Charalabos Theodoris, "Heterogeneous computing for large-scale linkage-disequilibrium analyses on the Aris supercomputer", Diploma Work, School of Electrical and Computer Engineering, Technical University of Crete, Chania, Greece, 2020
https://doi.org/10.26233/heallink.tuc.87871
Linkage disequilibrium (LD) is the non-random association between alleles at different loci. In the field of Genomics, due to several breakthroughs in DNA extraction and sequencing technologies, huge databanks of genomic data have been created, and continue to grow every day. Along with said data, grows the need for a highly-performing solution in analyzing them. The prevailing analysis method of calculation for the LD in genomes uses single nucleotide polymorphisms (SNPs) to detect the absence and/or presence of minor alleles. Most software implementations to-date are not yet capable to efficiently manage the expected time and memory requirements of future large-scale genomic analyses.
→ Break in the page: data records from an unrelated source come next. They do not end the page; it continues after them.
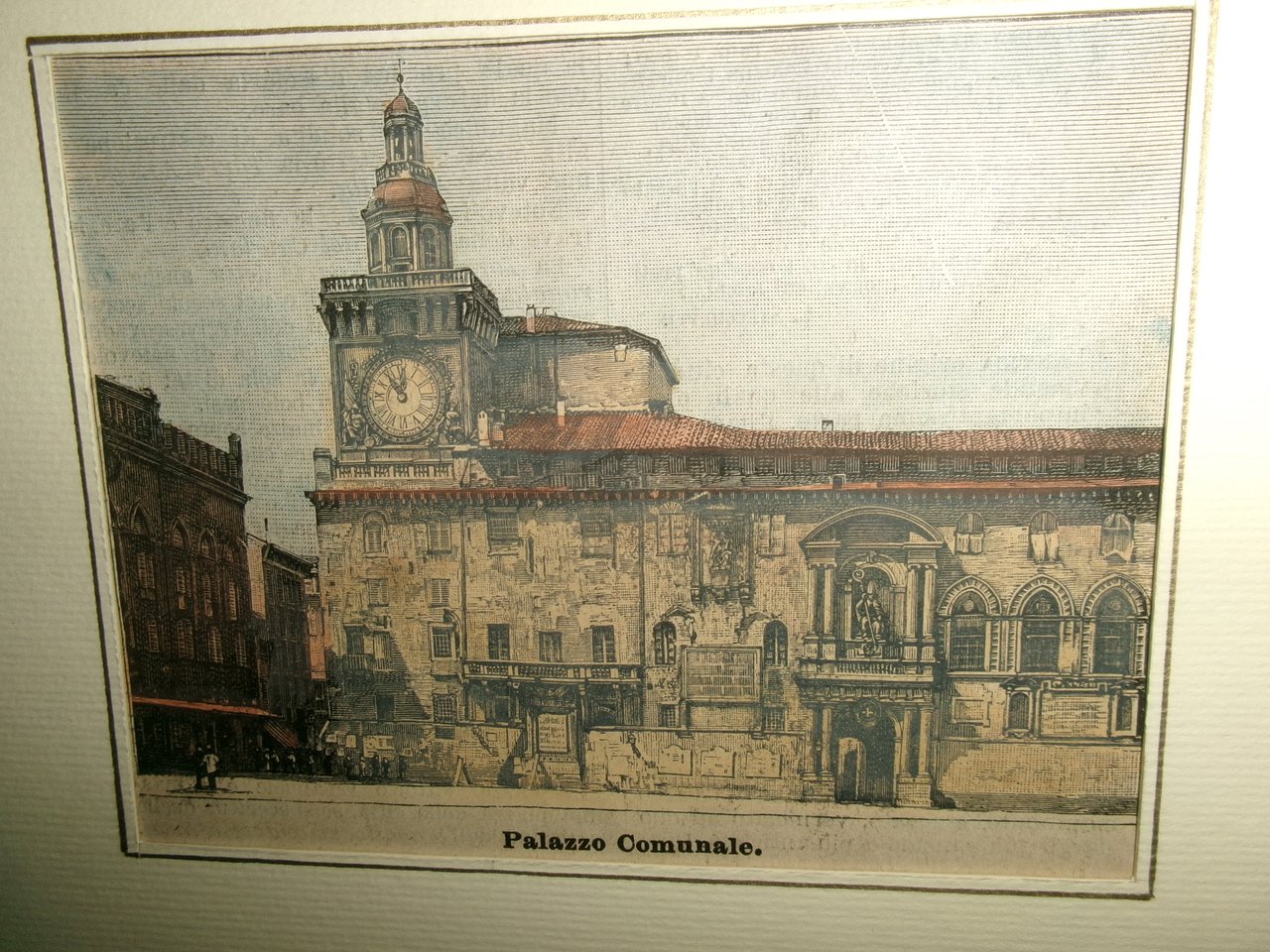 (BOLOGNA) PALAZZO COMUNALE. Stampa originale d' epoca 1887 colorata a …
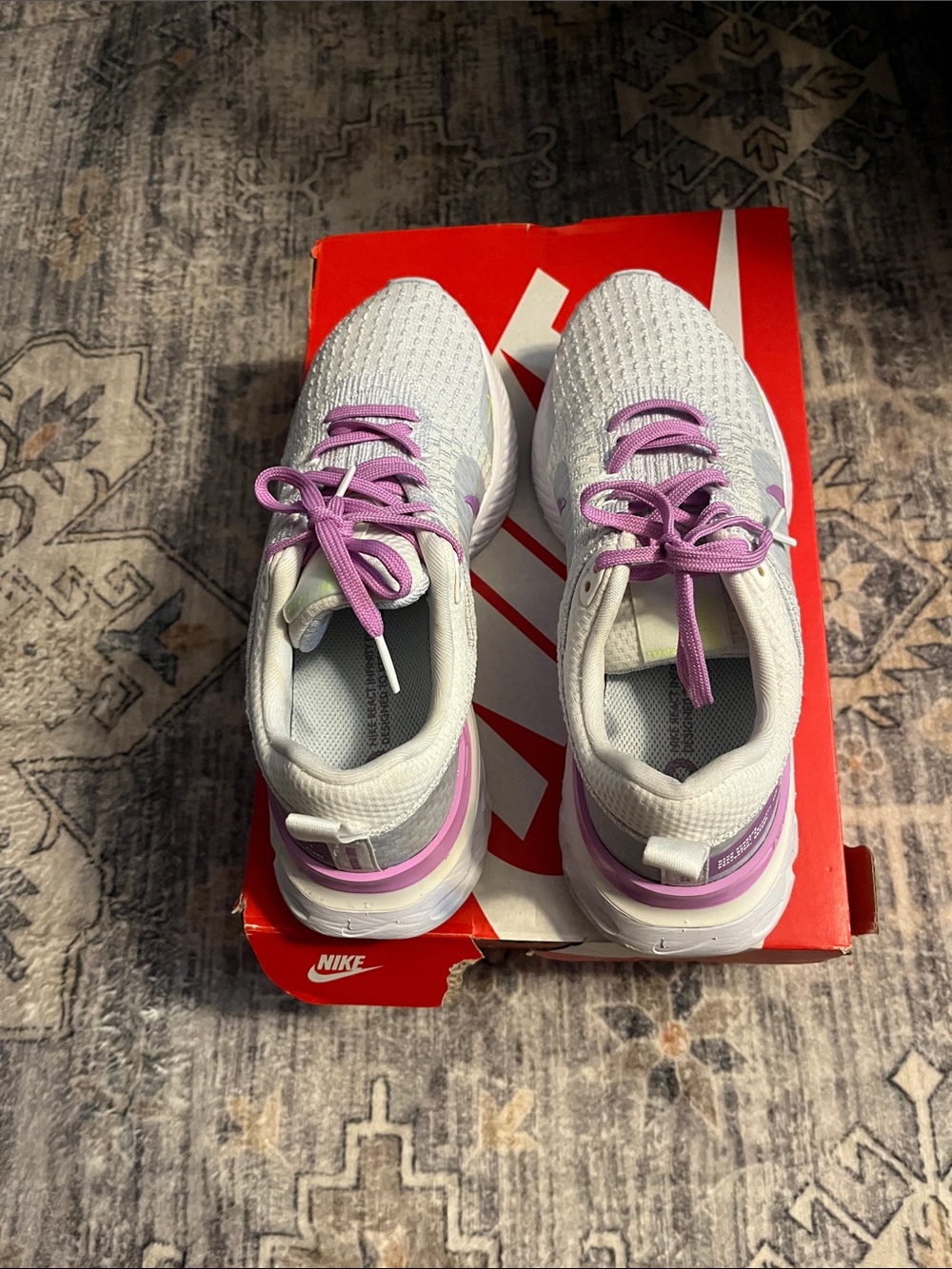 Nike White Sneakers with Lavender Laces and Heel Trim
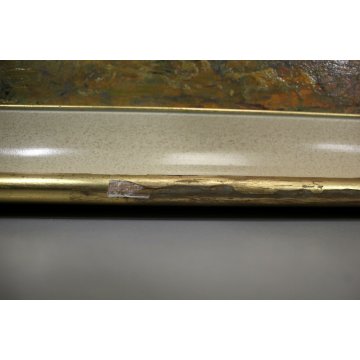 ANTICO QUADRO OLIO CARTONE Bersani ? PAESAGGIO LACUSTRE BOSCO SELVA BETULLE '900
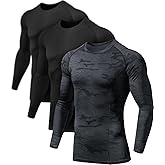 ATHLIO Men's UPF 50+ Long Sleeve Compression Shirts, Water Sports Rash Guard Base Layer, Athletic Workout Shirt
To answer the need for fast, scalable genomic analysis, we engineered and created a standalone software, qLD (quickLD) https://github.com/StrayLamb2/qLD. qLD relies on prior observations that a high-performance approach on LD can utilize general matrix multiplications. Therefore, existing optimized computational kernels that calculate LD are employed. Alongside the optimized kernels, qLD applies memory-aware techniques to lower memory requirements and parallel execution using both CPU and GPU to reduce execution times even more. qLD in single-thread execution delivers up to 28x faster processing than the current state-of-the-art software implementation when run on the same CPU and up to 44x when the computation is offloaded to a GPU. When used in multi-threaded executions, we observed speedups of up to 60x against the same state-of-the-art software, employing the same number of threads. qLD also addresses a missing feature of state-of-the-art tools, the ability to quantify allele associations between arbitrarily distant loci, thereby facilitating the evaluation of long-range LD and the detection of co-evolved genes. We showcase qLD on the analysis of 22,554 complete SARS-CoV-2 genomes.